* Requirement
Only the lines from the one containing "fendi camera bag - Picture 2 of 11" through the end of the listing below belong in your answer; retype them exactly.

* Task material
------------------------

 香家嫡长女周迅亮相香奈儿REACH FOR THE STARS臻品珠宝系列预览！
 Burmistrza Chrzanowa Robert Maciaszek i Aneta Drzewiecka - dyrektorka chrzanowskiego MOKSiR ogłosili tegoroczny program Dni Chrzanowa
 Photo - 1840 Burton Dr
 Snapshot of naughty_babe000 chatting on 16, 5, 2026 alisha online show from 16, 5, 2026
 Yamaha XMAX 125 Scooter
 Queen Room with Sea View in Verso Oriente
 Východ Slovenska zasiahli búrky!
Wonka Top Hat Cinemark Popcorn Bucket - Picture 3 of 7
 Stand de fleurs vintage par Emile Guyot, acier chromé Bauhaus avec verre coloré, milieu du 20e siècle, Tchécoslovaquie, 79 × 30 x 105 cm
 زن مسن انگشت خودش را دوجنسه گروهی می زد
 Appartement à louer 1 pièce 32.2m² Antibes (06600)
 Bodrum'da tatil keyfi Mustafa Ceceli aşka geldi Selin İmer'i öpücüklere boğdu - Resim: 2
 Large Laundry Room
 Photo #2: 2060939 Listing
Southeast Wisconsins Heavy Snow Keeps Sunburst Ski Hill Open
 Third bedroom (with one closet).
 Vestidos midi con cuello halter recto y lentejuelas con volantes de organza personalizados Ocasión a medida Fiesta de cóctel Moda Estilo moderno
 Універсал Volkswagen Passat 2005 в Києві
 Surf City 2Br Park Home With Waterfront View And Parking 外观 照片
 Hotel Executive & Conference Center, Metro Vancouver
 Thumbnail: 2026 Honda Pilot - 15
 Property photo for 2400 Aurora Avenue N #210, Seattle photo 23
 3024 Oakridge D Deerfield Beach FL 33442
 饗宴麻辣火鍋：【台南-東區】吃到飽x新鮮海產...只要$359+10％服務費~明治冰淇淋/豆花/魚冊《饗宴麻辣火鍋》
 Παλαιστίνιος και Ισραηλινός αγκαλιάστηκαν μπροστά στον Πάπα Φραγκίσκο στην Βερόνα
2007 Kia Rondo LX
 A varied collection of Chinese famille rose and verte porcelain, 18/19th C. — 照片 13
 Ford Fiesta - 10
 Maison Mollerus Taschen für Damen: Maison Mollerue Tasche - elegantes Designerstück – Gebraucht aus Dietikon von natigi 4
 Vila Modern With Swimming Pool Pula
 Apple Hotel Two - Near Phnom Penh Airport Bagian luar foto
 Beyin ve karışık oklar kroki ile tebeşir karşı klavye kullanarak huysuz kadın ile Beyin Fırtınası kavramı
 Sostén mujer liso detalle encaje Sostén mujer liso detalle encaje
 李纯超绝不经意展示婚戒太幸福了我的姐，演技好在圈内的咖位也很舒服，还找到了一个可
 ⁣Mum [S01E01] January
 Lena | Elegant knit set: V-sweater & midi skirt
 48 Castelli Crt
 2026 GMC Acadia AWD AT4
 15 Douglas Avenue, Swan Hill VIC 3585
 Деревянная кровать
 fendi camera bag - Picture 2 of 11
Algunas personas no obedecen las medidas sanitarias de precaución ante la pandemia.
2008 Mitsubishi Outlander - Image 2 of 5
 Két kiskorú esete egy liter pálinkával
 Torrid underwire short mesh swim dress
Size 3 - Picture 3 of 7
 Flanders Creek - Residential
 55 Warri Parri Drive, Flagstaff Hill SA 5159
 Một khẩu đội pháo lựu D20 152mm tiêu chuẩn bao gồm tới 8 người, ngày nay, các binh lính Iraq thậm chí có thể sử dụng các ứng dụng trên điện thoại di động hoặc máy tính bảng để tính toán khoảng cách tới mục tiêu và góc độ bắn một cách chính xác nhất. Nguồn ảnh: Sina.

------------------------

* Task answer
 fendi camera bag - Picture 2 of 11
Algunas personas no obedecen las medidas sanitarias de precaución ante la pandemia.
2008 Mitsubishi Outlander - Image 2 of 5
 Két kiskorú esete egy liter pálinkával
 Torrid underwire short mesh swim dress
Size 3 - Picture 3 of 7
 Flanders Creek - Residential
 55 Warri Parri Drive, Flagstaff Hill SA 5159
 Một khẩu đội pháo lựu D20 152mm tiêu chuẩn bao gồm tới 8 người, ngày nay, các binh lính Iraq thậm chí có thể sử dụng các ứng dụng trên điện thoại di động hoặc máy tính bảng để tính toán khoảng cách tới mục tiêu và góc độ bắn một cách chính xác nhất. Nguồn ảnh: Sina.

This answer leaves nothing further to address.